## Given material:

# # # # # # #

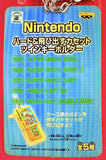 Banpresto Nintendo Hard & Pop-Up Cassette Twin Keychain: Gamecube & Mario Kart Double Dash Keychain 2003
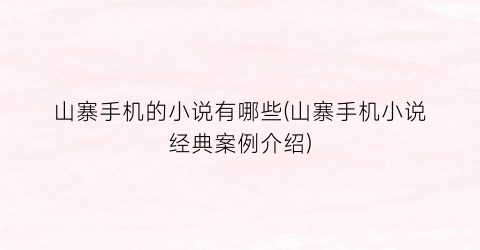 山寨手机的小说有哪些(山寨手机小说经典案例介绍)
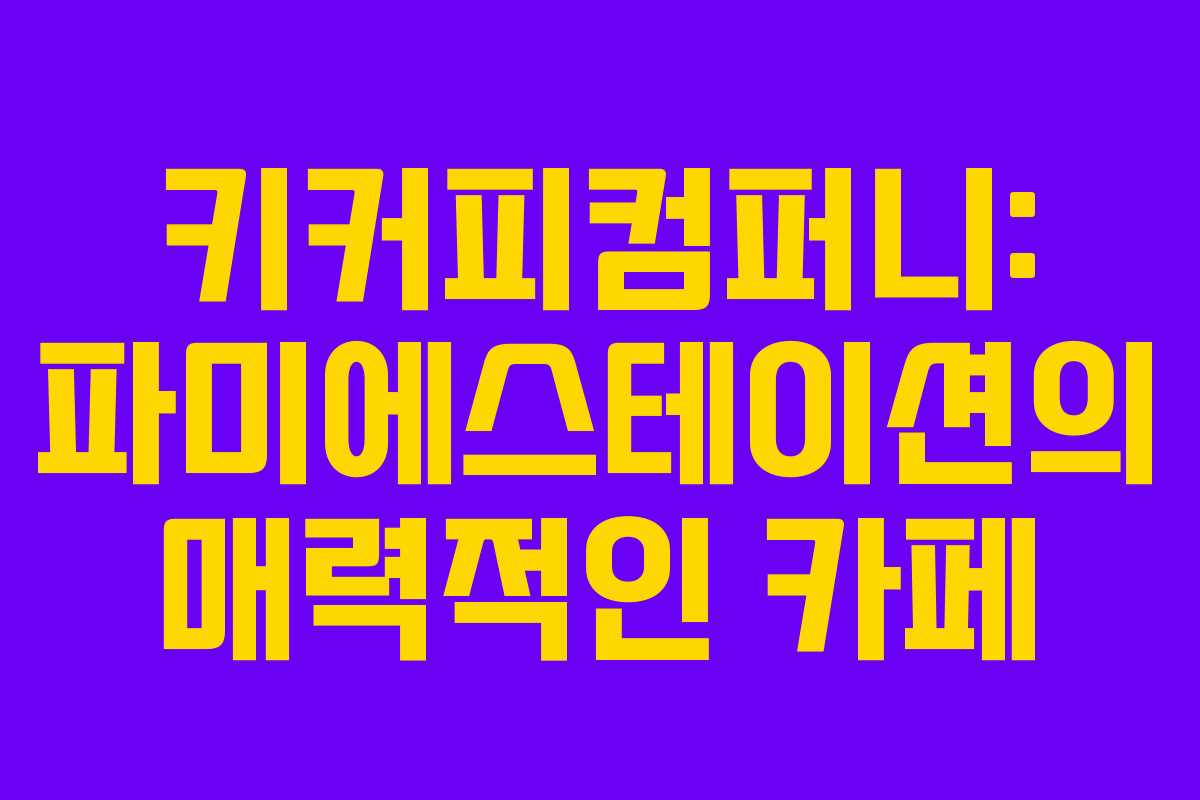 키커피컴퍼니-파미에스테이션의-매력적인-카페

# # # # # # #

## What is expected:
Print the listing again exactly as it appears, except for the pictures, which stay out.

## Your solution:
 Banpresto Nintendo Hard & Pop-Up Cassette Twin Keychain: Gamecube & Mario Kart Double Dash Keychain 2003
 山寨手机的小说有哪些(山寨手机小说经典案例介绍)
 키커피컴퍼니-파미에스테이션의-매력적인-카페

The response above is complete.